UK planning massive aid cuts to Middle East
The cuts include slashing aid to Somalia by 60%, and South Sudan by 59%. The Foreign Office has also planned slashing Syria’s aid budget by 67%, and Libya’s by 63%.
The statistics, seen by openDemocracy, follow UK Chancellor Rishi Sunak's announcement in last November’s budget of a cut of foreign aid from the UN-mandated target of 0.7% of gross national income to 0.5%. This entails a reduction from £15bn to £10bn over the next two years.
The Foreign Office has not publicly commented on the statistics, but a spokesperson said that the “seismic impact of the pandemic on the UK economy has forced us to take tough decisions, including temporarily reducing the amount we spend on aid”.
“We are still working through what this means for individual programmes and decisions have not yet been made,” the spokesperson added.

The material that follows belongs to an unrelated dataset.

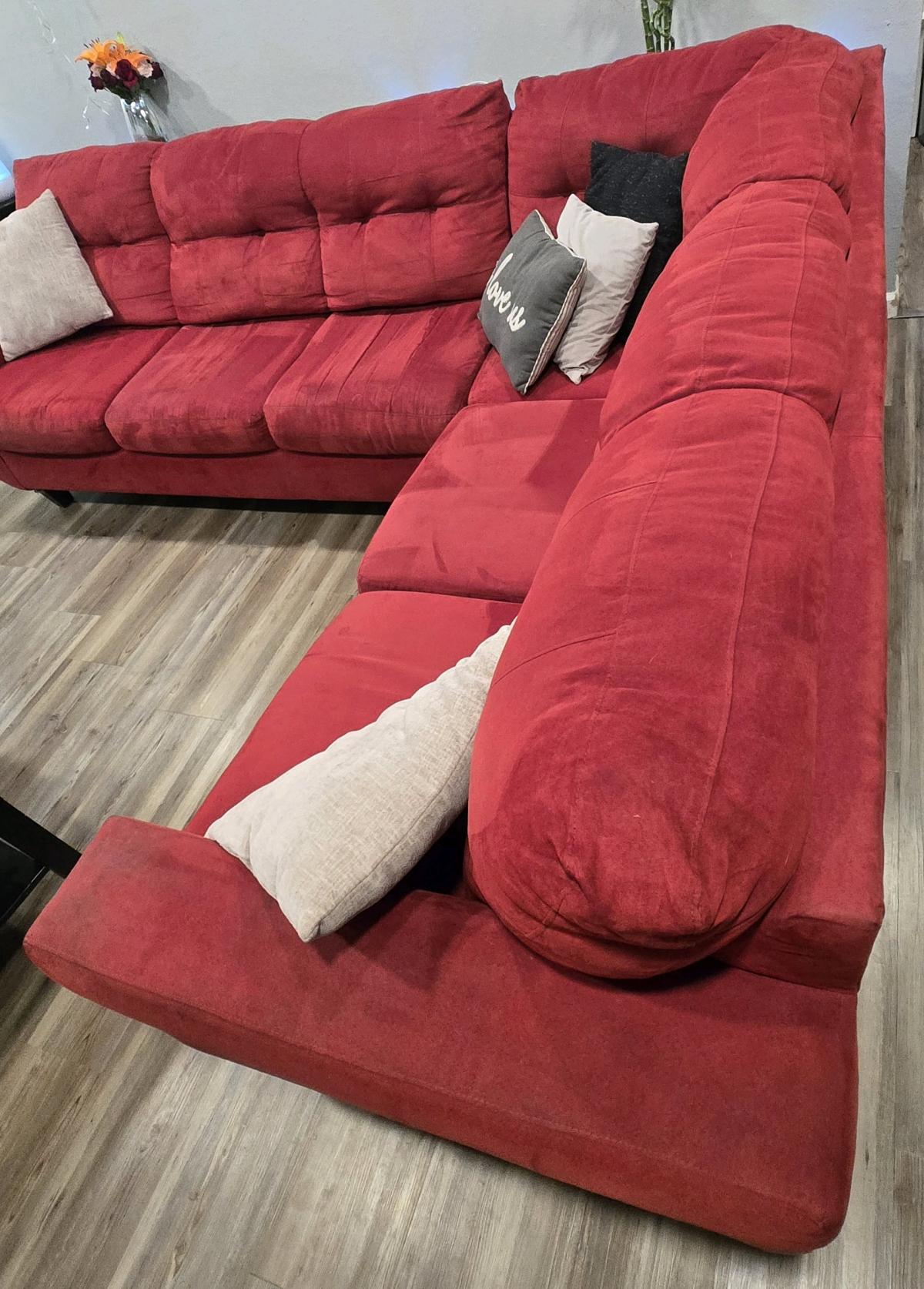 Large Sectional Couch - O Fallon, Missouri - FleaMarketBay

Humanitarian NGOs have voiced concerns over the impact of the reported aid cuts. James Wani, Christian Aid’s country director in South Sudan said, "Cuts on the scale being reported couldn’t come at a worse time for a country in crisis."
South Sudan is currently undergoing a difficult peace process after years of brutal civil war.
"Without funding for peacebuilding, the talks risk failure. And without peace, development and humanitarian work can’t succeed. People in South Sudan cannot afford for that to happen," he added.
Four previous UK prime ministers – Tony Blair, Gordon Brown, David Cameron and Theresa May – have spoken out against the proposed aid cuts.
They have urged current UK Prime Minister Boris Johnson to consider the damage to the UK’s global reputation, as no other G7 country has announced similar cuts.
This week, the UK government offered just £87 million ($120.5 million) for Yemen at an international donors' conference this week, about half the amount it offered last year.
Over 100 charities, including Oxfam and Save the Children, on Saturday slammed the UK's plans, saying it would "destroy" Britain’s image abroad.
“History will not judge this nation kindly if the government chooses to step away from the people in Yemen and thus destroy the UK’s global reputation as a country that steps up to help those most in need,” their joint letter read.
The UN secretary general, Antonio Guterres, described the reduction in international aid to Yemen this year as “a death sentence” for the country.
Former international development secretary Andrew Mitchell this week told MPs the cuts in Yemen were “harbingers of [futher] terrible cuts to come”.